This section reviews some recent related studies on the research theme from 2016–2021 in reverse chronological order. Erin and Aribaba (2021) assessed the impact of risk governance on the value of listed Nigerian finance firms from 2013 to 2017. Risk governance was proxied using the enterprise risk management index (ERMI), risk committee presence, size, activism, and independence. The regression result showed that all the variables of risk governance had a positive and significant impact on firm value.

Horvey and Ankamah (2020) assessed the direct and indirect relationship between ERM and the performance of 30 listed firms (financial and non-financial) in Ghana from 2010 to 2016. Firm performance was gauged using Tobin’s Q, return on assets, and return on equity. The fixed effect and random effect models established an indirect inverted U-shaped relationship between ERM and return on equity; in contrast, an indirect U-shape was established between enterprise risk management, Tobin’s Q, and return on assets.

In Spain, González et al. (2020) examined ERM and non-finance firms’ performance from 2012 to 2015. The results showed that ERM adoption was not connected with variation in firms’ performance (which was proxied by return on equity, assets, and Tobin’s Q), nor did it lessen firms’ probability of bankruptcy.

Similarly, ERM and the value of selected Romanian firms in the pre- and post-financial crisis era were examined by Anton (2018). Firm value was gauged by Tobin’s Q, leverage, and firm size. The regression results suggested that ERM adoption significantly and positively affected firm value. Also, the study showed a positive and significant link between leverage, firm size, and the value of Romanian firms.

In Indonesia, the nexus between ERM, corporate governance, and firm value from 2010 to 2013 was studied by Husaini and Saiful (2017). Tobin’s Q was used as a proxy for firm value, while corporate governance was proxied by the independence of the audit committee, financial expertise, size, meetings, managerial ownership, and board independence. The regression results revealed that ERM and corporate governance increased firm value, while managerial ownership negatively and insignificantly affected firm value.

Agustina and Baroroh (2016) examined the mediating role of financial performance on the link between ERM and the value of 53 firms from 2011 to 2013. The structural equation modeling (SEM) result revealed an insignificant effect of ERM on firm value, while financial performance played no mediating role in the connection between ERM and the value of Indonesian firms.

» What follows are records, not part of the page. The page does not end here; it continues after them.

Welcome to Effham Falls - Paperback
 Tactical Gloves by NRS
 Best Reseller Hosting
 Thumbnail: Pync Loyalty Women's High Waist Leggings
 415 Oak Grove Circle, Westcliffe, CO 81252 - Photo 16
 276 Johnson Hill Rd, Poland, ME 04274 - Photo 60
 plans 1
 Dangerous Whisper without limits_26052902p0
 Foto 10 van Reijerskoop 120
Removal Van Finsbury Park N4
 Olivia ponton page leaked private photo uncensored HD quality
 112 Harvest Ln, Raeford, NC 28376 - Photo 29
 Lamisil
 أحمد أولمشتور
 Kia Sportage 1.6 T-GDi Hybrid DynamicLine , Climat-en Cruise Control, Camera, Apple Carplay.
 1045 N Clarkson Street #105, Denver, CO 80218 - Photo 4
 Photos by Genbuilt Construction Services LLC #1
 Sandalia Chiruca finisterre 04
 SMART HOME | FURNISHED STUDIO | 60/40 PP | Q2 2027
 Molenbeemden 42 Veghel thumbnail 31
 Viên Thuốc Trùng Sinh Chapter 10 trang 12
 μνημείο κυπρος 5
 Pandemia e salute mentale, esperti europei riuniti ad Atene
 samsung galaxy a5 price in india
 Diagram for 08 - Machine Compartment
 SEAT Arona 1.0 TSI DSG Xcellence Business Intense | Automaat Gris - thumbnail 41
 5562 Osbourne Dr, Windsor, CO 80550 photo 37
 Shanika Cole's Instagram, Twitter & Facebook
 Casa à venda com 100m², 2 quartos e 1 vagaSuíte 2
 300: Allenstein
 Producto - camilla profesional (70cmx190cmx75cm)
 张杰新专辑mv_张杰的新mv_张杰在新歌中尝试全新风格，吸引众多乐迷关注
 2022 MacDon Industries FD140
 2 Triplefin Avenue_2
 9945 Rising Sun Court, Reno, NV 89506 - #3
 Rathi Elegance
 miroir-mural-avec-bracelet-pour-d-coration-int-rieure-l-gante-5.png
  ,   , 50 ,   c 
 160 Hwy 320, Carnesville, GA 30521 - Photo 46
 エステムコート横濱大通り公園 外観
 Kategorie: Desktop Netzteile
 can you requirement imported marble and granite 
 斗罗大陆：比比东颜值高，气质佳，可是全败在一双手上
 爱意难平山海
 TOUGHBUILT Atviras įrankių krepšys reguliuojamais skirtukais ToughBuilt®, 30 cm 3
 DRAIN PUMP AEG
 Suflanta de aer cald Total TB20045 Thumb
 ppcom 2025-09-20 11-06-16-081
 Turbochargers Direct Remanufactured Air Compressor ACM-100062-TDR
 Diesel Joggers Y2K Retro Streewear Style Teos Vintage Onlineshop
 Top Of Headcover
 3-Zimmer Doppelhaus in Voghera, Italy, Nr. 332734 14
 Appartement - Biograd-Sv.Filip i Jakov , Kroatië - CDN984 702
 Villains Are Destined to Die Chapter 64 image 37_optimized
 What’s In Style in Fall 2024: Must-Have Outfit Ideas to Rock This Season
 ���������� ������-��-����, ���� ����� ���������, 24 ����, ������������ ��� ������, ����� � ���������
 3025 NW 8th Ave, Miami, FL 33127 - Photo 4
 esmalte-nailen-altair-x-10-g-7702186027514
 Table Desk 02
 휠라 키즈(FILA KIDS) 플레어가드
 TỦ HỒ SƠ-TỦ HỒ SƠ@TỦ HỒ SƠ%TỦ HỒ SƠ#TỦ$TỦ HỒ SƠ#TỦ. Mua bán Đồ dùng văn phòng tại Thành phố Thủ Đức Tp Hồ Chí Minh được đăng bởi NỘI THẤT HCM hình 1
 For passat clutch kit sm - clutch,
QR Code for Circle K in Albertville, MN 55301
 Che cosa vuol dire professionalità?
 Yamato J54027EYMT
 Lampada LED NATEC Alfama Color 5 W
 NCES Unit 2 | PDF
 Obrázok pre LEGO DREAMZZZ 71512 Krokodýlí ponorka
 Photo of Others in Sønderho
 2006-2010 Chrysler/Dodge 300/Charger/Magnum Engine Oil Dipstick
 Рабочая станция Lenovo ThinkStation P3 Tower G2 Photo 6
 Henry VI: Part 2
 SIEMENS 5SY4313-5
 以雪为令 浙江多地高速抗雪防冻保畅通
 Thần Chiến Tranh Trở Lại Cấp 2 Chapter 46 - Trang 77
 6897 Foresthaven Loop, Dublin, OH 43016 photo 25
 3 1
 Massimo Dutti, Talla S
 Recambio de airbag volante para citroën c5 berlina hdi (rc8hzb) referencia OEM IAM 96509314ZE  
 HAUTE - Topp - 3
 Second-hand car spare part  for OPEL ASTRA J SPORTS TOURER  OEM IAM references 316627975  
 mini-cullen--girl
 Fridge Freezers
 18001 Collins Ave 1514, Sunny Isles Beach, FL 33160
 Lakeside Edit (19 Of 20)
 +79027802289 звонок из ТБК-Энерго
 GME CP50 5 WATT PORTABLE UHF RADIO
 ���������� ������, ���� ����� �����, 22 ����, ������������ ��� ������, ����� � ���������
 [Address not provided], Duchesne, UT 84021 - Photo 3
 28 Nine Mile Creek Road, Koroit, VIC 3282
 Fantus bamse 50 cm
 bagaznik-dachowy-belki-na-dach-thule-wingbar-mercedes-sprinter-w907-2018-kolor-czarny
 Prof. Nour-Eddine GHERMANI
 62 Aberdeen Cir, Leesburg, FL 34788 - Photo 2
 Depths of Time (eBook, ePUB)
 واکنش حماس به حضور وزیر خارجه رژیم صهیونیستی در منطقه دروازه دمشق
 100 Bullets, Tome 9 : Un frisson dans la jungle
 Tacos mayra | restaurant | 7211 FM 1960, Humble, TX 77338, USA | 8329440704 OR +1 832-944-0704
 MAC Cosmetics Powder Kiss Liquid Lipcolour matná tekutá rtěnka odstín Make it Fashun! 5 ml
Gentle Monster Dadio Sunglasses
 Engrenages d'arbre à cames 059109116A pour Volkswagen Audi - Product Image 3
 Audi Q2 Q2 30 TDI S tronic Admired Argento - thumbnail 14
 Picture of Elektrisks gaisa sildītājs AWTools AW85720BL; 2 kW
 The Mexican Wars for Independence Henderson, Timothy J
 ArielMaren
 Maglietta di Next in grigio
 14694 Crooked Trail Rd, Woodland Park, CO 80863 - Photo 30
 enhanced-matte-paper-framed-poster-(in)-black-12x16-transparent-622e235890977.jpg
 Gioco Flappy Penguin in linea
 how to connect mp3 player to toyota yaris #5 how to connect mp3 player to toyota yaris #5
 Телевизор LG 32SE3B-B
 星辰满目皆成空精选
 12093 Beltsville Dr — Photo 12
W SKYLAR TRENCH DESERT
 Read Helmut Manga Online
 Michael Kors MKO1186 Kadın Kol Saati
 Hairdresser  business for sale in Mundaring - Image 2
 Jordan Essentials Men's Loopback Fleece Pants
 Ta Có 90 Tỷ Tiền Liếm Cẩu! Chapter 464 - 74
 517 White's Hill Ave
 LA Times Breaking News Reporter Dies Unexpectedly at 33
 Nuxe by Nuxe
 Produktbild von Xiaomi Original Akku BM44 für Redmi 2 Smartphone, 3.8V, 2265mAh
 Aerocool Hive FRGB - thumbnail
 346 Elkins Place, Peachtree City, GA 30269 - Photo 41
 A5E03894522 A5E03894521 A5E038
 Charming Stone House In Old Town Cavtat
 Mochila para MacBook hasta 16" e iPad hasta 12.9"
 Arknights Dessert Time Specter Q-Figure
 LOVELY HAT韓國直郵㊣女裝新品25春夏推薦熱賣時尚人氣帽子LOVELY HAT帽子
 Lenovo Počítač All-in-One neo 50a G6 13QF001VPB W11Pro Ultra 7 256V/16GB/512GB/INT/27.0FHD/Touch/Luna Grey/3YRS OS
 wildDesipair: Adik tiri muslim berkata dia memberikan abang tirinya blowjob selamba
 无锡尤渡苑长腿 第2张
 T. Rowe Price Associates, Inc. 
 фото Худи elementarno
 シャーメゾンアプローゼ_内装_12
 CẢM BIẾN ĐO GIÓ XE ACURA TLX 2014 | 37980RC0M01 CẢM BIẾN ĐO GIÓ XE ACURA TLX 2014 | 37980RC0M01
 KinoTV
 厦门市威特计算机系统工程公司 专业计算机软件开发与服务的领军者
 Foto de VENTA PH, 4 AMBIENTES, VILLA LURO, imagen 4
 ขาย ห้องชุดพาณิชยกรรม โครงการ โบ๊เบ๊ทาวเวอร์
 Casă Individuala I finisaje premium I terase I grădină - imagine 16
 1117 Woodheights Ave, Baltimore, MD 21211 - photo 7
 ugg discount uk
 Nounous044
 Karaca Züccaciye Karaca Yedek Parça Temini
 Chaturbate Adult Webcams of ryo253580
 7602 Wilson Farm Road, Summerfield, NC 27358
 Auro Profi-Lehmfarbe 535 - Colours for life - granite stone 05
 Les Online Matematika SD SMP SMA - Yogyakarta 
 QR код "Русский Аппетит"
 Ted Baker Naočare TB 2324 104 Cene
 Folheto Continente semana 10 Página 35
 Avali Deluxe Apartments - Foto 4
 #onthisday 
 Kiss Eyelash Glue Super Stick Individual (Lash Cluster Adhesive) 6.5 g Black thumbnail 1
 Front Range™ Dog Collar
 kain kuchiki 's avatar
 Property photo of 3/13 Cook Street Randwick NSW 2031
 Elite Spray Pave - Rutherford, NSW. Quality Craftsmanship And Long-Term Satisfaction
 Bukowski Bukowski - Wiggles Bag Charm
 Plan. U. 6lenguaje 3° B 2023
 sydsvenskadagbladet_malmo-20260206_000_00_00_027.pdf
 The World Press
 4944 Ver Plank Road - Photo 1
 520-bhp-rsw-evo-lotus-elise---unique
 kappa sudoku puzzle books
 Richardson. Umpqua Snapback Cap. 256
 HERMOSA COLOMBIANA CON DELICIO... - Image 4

Multiple previous empirical studies employed Tobin’s Q as a basis for measuring firm value, although there are many other possible measures for firm value, such as earnings yield, price-to-earnings per share, price-to-cash flow, price-to-revenue, and others; thus, there is a gap in the literature. For this reason, we conceptualized three measures of RMC (non-executive directors and presence and size of the risk committee) and three measures of firm value (Tobin’s Q, earnings yield, and price-to-earnings per share):

Figure 1. Conceptualized study model.

Figure 1 illustrates the conceptual model of the study, showing the connection between the measures of RMC (non-executive directors on risk committee, risk committee presence, and risk committee size) and firm value (Tobin’s Q, price-to-earnings per share, and earnings yield) for listed Nigerian oil and gas firms.

3. Research Method

The connection between RMC and firm value for listed Nigerian oil and gas firms was studied using an ex-post facto design. The study population was composed of all oil and gas firms listed on the Nigerian Exchange Group (NGX) – a total of thirteen (13). A non-random sampling method (purposive sampling) was employed to select eight (8) listed oil and gas firms. The choice of sampling technique was motivated by the availability of the datasets required for the study as it required listed oil and gas firms that had consistently reported their risk management practices during the study period.

Specifically, data on the risk committee presence and size and the presence of non-executive directors on the risk committee (proxies for RMC) and on Tobin’s Q, earnings yields, and price-to-earnings per share (proxies for firm value) were obtained from the Machameratios database for the years 2012–2020. The variables used for firm value in this study were similar to those utilized in the work of González et al. (2020) and Horvey and Ankamah (2020), while the RMC measurements were similar to those employed by Erin and Aribaba (2021). The dependent variable was firm value and the independent variable was RMC measures. Consequently, three (3) models were estimated, as shown in Equations 1-6:

TOBINQ = f (rcei, prmc, rcms)                                                                                                     (1)
EAYD = f (rcei, prmc, rcms)                                                                                                          (2)
PEPS= f (rcei, prmc, rcms)                                                                                                             (3)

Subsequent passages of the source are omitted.